Pseudothryptus

Scientific classification
- Kingdom: Animalia
- Phylum: Arthropoda
- Clade: Pancrustacea
- Class: Insecta
- Order: Coleoptera
- Suborder: Polyphaga
- Infraorder: Elateriformia
- Family: Limnichidae
- Genus: Pseudothryptus Hernando and Ribera, 2005
- Species: P. multiseriatus
- Binomial name: Pseudothryptus multiseriatus (Champion, 1923)

= Pseudothryptus =

- Genus: Pseudothryptus
- Species: multiseriatus
- Authority: (Champion, 1923)
- Parent authority: Hernando and Ribera, 2005

Genus of beetles

Pseudothryptus multiseriatus is the only species of Pseudothryptus, a genus of minute marsh-loving beetle in the subfamily Limnichinae. Initially described in 1923 as part of the large genus Caccothryptus, it was circumscribed as the genus Pseudothyptus in 2004 due to a number of physical differences with other Limnichidae, especially in its genitalia. Unlike related genera, the parameres of its aedeagus (male reproductive organ) are fused laterally.

== Taxonomy ==
Pseudothryptus multiseriatus is the only species in the genus Pseudothryptus; a genus of Limnichinae, a subfamily of the minute marsh-loving beetles (Limnichidae). Within Limnichinae it belongs to the "Mandersia group" of genera, alongside the large genus Caccothryptus and four other small genera—Euthryptus, Mandersia, Resachus, and Simplocarina. These genera share a number of physical features, such as a non-articulated aedeagus (male reproductive organ) without an articulated internal piece ("spiculum") within the median lobe; this distinguishes the genera from the genus Byrrhinus. The Afrotropical genera Tricholimnichus and Cyclolimnichus are close relatives of the Mandersia group, but lack some distinguishing characteristics in the pronotum.
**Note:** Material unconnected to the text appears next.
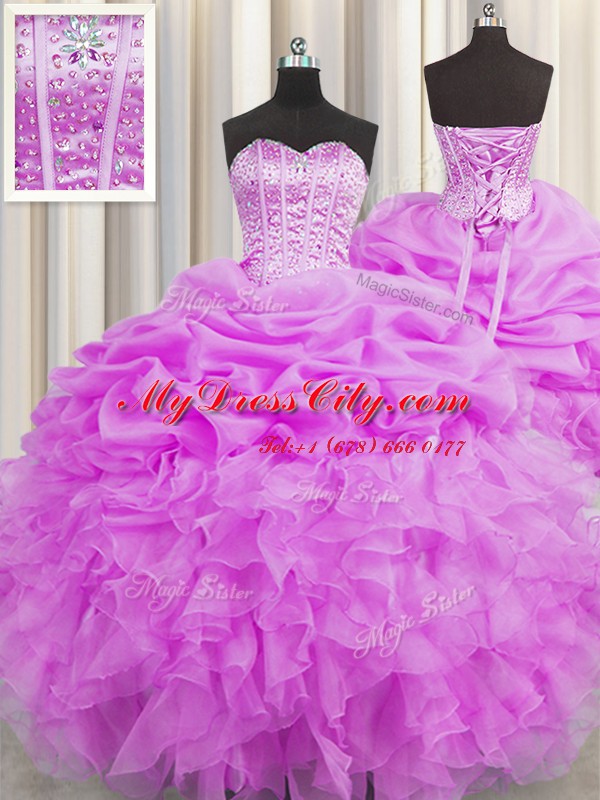 Luxury Visible Boning Lilac Organza Lace Up Ball Gown Prom Dress Sleeveless Floor Length Beading and Ruffles and Pick Ups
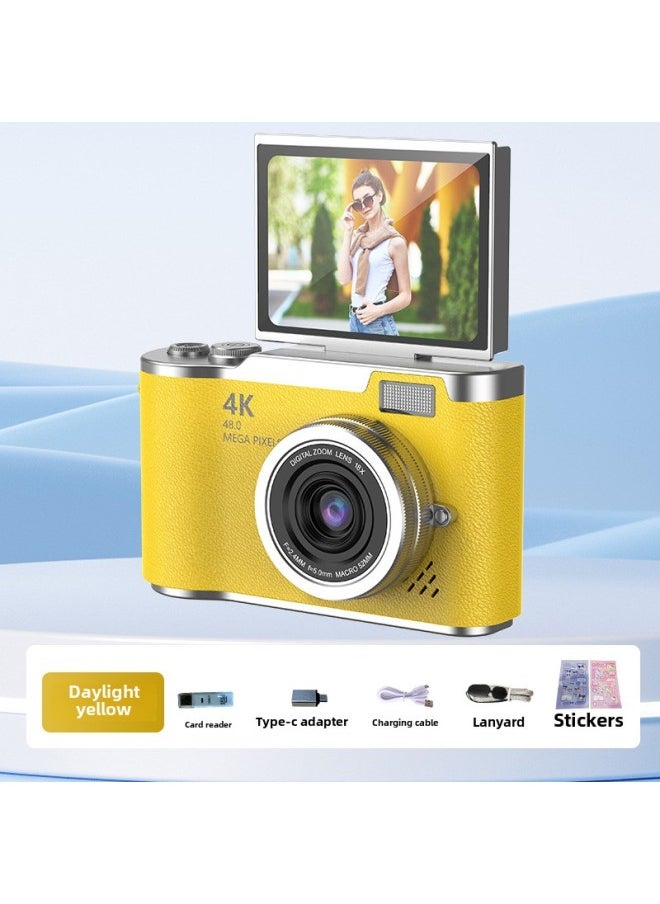 Photography HD Digital Camera Electronic Flash Home Anti-shake 4K Shooting Micro SLR Camera-Color:Lk07-yellow + Card Reader + Free Sticker + Adapter  - Image 1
The entomologist Harry George Champion described the species as Caccothryptus multiseriatus in 1923, alongside C. testudo and C. ripicola. There is no holotype of the species, although a male specimen in the collections of the Natural History Museum, London, collected in 1922, has been designated as the lectotype. A paralectotype (an additional specimen used in the description) is held by the museum, also collected in 1922. In 2005, entomologists Carles Hernando and Ignacio Ribera reclassified C. multiseriatus into a new genus, Pseudothryptus, due to a number of differences in its genitalia and minor external characteristics.

== Description ==
Pseudothryptus multiseriatus is a small beetle about 2.5 mm in length. The beetle can be found in portions of northeastern India, including the states of Sikkim and Assam.

It has a very convex oval body, ranging from brown to dark brown. It has two layers of setae on its elytra; a short layer within the elytra punctures, and a very long and thick layer between the stripes of the elytra. Each highly convex elytron has thirteen rows of punctures, with smooth and shiny surface between these rows. The legs are short and thick. On males, glandular pores cover the entire surface of the 4th sternite (the plates on the underbody of the abdomen), and most of the 5th.'

Pseudothryptus's head, slightly retracted into its pronotum (the first exoskeleton plate of its prothorax), is covered with coarse, dense punctures. It has long and slender eleven-segment antennae, extending beyond the back of the pronotum, covered with fine setae. The 1st (top) antennomere (antenna segment) is small and rounded, while the 11th (bottom) is compressed laterally. A deep sulcus (groove) runs behind the eyes, with two deep sulci on the forehead converging at the posterior of the head. Pseudothryptus can be differentiated from other genera through genital characteristics, as the parameres of the aedeagus are laterally fused. In contrast to the related genera Mandersia and Euthryptus, their aedeagus possesses a small grove along the apex of its median lobe, while the base of the phallus is symmetrical. No females were investigated prior to the genera's circumscription.